Late last year, the Court released a final version of the Uniform Trial Court Rule on Limited Assistance Representation (LAR) that incorporated feedback from our Business and Commercial Litigation Section (BCLS) Steering Committee. The Rule will become effective on February 1, 2019, and can be read in full here.
Early last year, Chief Justice of the Trial Court Paula M. Carey solicited comments on the proposed Uniform Trial Court Rule on LAR. An LAR Rules Committee was formed in 2017 and charged with drafting the proposal, intended to provide consistency across departments, improving the service for both lawyers wishing to provide LAR and litigants wishing to secure LAR services. When creating the proposal, the Committee considered the Supreme Judicial Court (SJC) LAR Order as well as existing Orders from other Trial Court Departments.
The BCLS Steering Committee comments began by noting that committee members believed “the Trial Court’s embrace of limited assistance representation is an important development in the delivery of affordable legal services in non-criminal cases,” noting that the Section had previously reviewed and offered favorable comments on the Superior Court’s LAR order the previous year. The comments commended the Court for continuing those efforts and highlighted a few points in the proposed rule that departed from the existing rules in ways potentially worth clarifying.
For example, the comments expressed concern about the requirement that the attorney “ensure that a prospective client fully understands the agreement and that the client gives informed consent.” Members were not sure how counsel could “ensure” that a client “fully understand” the agreement and suggested instead it a more objective test, like reviewing the document together. The final comment removes the “ensure” language and instead reads: “The attorney shall review the written agreement with the client before it is signed and obtain the client’s informed consent.”

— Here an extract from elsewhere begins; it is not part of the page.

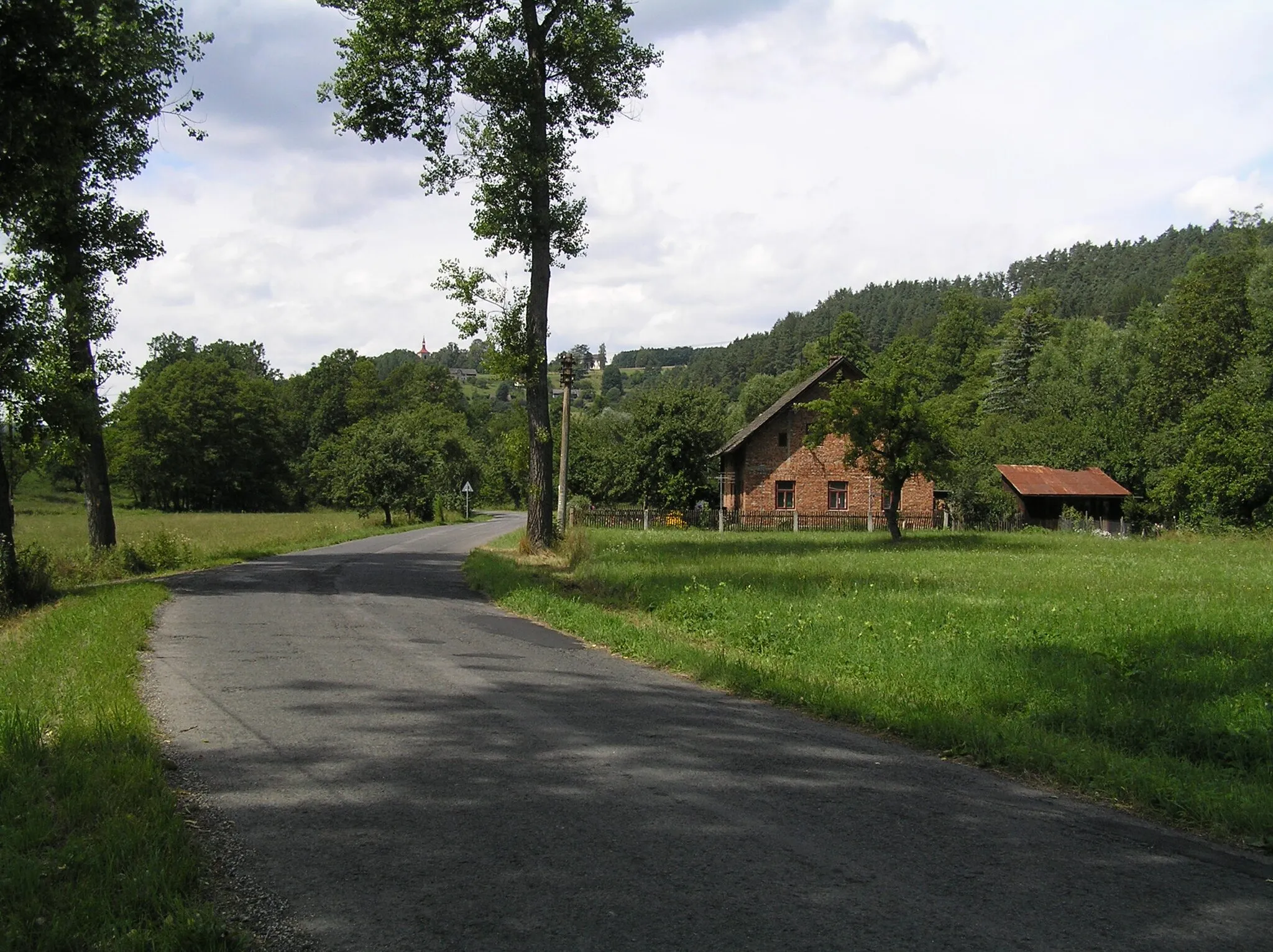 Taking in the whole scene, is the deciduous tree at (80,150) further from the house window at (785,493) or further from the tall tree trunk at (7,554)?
the house window at (785,493)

Members additionally raised concern about the language addressing instances when a lawyer may have exceeded the scope of the assistance described in the Notice of Limited Appearance. The proposed rule provides: “[I]f an LAR attorney files a pleading, motion or other document and/or argues a legal issue outside the scope of a filed Notice of Limited Appearance, then the court may consider the LAR attorney to have entered a general appearance.” Members were worried “that counsel would feel constrained not to raise relevant, helpful, but unforeseen issues—which they had not identified in their Notice of Limited Appearance—out of a concern that they could then be deemed to have appeared generally.” The new rule clarifies this provision, easing the concern expressed in the comments, and now notes that if an Attorney files or argues something outside the scope of the filed Notice of Limited Appearance, the court may require a new Notice to be filed, and if the attorney fails to do so after that, the court may consider the attorney to have entered a general appearance.

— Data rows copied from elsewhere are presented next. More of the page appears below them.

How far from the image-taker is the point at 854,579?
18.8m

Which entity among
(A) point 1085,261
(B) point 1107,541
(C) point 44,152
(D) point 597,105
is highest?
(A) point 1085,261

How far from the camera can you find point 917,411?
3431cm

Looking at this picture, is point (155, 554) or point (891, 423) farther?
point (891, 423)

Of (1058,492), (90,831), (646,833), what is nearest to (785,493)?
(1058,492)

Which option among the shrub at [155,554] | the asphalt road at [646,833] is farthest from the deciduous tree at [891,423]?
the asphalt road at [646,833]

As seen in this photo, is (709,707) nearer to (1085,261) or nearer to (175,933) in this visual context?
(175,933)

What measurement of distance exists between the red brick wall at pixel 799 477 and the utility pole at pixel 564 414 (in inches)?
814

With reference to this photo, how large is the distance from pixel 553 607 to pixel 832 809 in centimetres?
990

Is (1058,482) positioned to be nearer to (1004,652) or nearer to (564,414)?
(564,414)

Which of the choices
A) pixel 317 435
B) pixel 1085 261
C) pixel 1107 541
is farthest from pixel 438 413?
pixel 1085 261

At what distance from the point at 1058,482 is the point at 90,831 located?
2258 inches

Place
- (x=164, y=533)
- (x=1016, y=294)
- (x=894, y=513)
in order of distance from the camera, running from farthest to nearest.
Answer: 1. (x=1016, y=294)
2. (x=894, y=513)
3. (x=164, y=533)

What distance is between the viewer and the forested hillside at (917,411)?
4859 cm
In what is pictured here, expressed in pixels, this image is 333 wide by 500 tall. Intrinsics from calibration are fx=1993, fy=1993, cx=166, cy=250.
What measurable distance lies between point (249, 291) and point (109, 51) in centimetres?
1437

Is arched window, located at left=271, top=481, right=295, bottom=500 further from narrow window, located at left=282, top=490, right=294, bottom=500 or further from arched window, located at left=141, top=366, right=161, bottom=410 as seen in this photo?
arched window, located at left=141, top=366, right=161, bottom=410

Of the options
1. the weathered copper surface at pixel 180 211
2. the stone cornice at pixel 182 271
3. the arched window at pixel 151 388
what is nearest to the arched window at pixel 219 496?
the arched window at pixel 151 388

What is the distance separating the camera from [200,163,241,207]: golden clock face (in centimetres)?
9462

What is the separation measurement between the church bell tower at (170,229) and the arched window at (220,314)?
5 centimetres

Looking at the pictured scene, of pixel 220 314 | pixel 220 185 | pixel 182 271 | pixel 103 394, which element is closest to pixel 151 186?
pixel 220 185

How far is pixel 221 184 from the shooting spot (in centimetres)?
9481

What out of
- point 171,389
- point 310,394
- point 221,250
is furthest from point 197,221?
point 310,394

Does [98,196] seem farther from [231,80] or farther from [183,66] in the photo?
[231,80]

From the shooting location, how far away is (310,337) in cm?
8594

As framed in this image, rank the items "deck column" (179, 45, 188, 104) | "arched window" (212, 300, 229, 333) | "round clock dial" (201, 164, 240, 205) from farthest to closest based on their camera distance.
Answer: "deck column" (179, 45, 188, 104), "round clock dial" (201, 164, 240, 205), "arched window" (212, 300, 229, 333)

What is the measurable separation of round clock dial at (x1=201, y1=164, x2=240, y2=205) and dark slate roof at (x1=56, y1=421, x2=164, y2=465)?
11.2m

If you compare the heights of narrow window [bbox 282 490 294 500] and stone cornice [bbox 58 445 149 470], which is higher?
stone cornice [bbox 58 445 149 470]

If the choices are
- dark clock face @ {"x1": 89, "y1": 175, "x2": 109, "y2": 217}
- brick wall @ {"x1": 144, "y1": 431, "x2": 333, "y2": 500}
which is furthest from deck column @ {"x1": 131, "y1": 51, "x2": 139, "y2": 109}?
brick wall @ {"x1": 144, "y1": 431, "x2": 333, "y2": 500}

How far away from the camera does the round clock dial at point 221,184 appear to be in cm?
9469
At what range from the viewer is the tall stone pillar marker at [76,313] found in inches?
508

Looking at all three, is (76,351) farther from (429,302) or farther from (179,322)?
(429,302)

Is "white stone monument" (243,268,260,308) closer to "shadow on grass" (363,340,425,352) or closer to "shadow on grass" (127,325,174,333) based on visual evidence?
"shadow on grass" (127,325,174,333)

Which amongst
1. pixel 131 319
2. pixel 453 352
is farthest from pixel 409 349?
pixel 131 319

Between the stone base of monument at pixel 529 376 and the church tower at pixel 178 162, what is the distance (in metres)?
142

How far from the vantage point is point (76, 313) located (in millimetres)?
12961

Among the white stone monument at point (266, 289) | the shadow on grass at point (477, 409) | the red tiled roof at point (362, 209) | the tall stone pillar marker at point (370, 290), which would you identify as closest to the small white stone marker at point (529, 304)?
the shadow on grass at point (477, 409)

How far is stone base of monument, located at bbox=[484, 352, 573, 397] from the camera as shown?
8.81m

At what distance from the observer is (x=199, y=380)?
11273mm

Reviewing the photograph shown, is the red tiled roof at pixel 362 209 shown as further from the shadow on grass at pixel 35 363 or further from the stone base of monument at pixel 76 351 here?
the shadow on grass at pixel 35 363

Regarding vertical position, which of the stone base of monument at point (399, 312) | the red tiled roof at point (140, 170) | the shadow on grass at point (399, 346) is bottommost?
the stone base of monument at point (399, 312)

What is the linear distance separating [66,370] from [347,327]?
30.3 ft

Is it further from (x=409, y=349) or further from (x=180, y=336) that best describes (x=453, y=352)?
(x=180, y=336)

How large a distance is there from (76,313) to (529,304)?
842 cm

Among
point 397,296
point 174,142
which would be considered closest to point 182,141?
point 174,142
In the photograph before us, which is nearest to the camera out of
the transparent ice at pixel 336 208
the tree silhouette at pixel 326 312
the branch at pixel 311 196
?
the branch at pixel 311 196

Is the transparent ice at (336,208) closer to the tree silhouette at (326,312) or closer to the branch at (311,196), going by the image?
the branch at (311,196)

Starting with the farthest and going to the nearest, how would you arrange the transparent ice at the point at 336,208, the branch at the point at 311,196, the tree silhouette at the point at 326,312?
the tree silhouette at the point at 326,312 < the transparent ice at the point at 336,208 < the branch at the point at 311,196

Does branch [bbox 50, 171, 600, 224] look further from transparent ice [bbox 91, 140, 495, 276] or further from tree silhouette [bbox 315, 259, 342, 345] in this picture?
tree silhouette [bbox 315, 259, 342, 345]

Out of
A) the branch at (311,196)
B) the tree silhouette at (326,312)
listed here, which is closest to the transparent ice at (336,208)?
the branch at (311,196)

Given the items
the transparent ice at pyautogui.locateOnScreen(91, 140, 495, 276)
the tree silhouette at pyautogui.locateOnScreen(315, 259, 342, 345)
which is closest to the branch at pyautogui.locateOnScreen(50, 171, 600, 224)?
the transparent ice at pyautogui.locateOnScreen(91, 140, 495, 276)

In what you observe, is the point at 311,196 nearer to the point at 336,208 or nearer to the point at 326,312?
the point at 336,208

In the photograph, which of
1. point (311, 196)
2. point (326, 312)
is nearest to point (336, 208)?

Next, the comments raised two minor clarifying suggestions related to paragraph 5: the mentioned Notice of Withdrawal should be “court-approved,” and that there should be a reference to “service. The final rule incorporates both of these suggestions, now reading: “[u]pon completion of all events or issues for which an LAR attorney has filed a Notice of Limited Appearance, s/he shall serve and a Notice of Withdrawal of Limited Appearance on a form approved by the Chief Justice of the Trial Court.”
Finally, members addressed the “non-punitive remedy” outlined in Paragraph 5, finding the new proposal a bit draconian compared to the previous standing orders, and noting that members thought that the bar to an award of fees or costs should be set higher than in the proposed rule. The proposal read that “if any other party incurs costs or is otherwise prejudiced by the attorney’s failure to file a Notice of Withdrawal, then upon motion the court may order a non-punitive remedy, including compensation for fees and costs reasonably incurred.” The final rule remains much the same but adds that “…upon motion the court for good cause may order a non-punitive remedy…”(emphasis added).
You can read the full BCLS Comments here.
As always, we are very appreciative of the hard work and expertise offered by the Committee Members, especially committee co-chairs Stephen Riden of Beck, Reed, Riden and Daniel Tighe of Donnelly, Conroy & Gelhaar, who presented the comments to our BBA Executive Committee before their submission. We’re also thrilled that the court adopted many of the suggestions.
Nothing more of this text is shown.